The main treatment goals for patients with acute asthma are reversal of bronchospasm and correction of hypoxemia.
These are achieved at least initially with conventional agents, such as repeated doses of inhaled short-acting β agonists (SABAs), inhaled short-acting anticholinergics, systemic corticosteroids, and occasionally intravenous (IV) magnesium sulfate (MgSO4). If there is concomitant hypoxemia, oxygen therapy should be initiated as well. Patients who have evidence of hypercapnic respiratory failure or diaphragmatic fatigue need to be admitted to the intensive care unit (ICU), the authors indicated.

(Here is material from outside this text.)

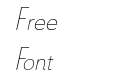 Le Havre Rounded Thin Italic Le Havre Rounded Thin Italic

For these patients, clinicians need to remember that there are therapies other than inhalers, such as epinephrine and systemic terbutaline. During a life-threatening asthma episode, airflow in the medium and small airways often becomes turbulent, increasing the work of breathing, the researchers pointed out.
Heliox, a combination of helium and oxygen, reduces turbulent flow, they noted, although FiO2 requirements need to be less than 30% for it to work.
"Heliox can be used in patients with severe bronchospasm who do not respond to the conventional therapies," the authors noted, "[but] therapy should be abandoned if there is no clinical improvement after 15 minutes of use."
Although none of the biologics have yet been approved for the treatment of acute exacerbations, Garner predicts they will become the "future of medicine" for patients with severe asthma as well.
Ventilation in Life-Threatening AsthmaRapid sequence intubation is generally recommended for patients who require mechanical ventilation, but as an alternative, "we are advocating a slower approach, where we get patients to slow down their breathing and relax them with something like ketamine infusions and wait before we given them a paralytic to see if the work of breathing improves," Garner said.
Bag-mask ventilation should be avoided because it can worsen dynamic hyperinflation or cause barotrauma, the authors also stressed.
Salvage therapies such as the use of bronchoscopy with N-acetylcysteine instilled directly into the airway is another option in cases in which mucus plugging is considered to be the main driver of airflow limitation.
Asked to comment on the review, Brit Long, MD, an emergency medicine physician at the Brooke Army Medical Center in San Antonio, Texas, felt the review was extremely useful and well done.
"We see these patients very frequently, and being able to assess them right away and get an accurate picture of what's going on is very important," he told Medscape Medical News.
The one thing that is often more difficult, at least in the ED, is obtaining a PEF or the FEV1-- "both very helpful if the patient can do them," Long noted, "but if the patient is critically ill, it's more likely you will not be able to get those assessments, and if patients are speaking in one-word sentences and are working really hard to breathe, that's a severe exacerbation, and they need immediate intervention," he added.
Long also liked all the essential treatments the authors recommended that patients be given immediately, although he noted that heliox is not going to be available in most EDs.
On the other hand, he agreed with the authors' recommendation to take a slower approach to mechanical ventilation, if it is needed at all.
"I try my best to absolutely avoid intubating these patients -- you are not fixing the issue with mechanical ventilation, you are just creating further problems," Long stressed.
"And while I see the entire spectrum of asthma patients from very mild to severe patients, these authors did a good job in explaining what the goals of treatment are and what to do with the severe ones," he said.
Orlando and Long have disclosed no relevant financial relationships.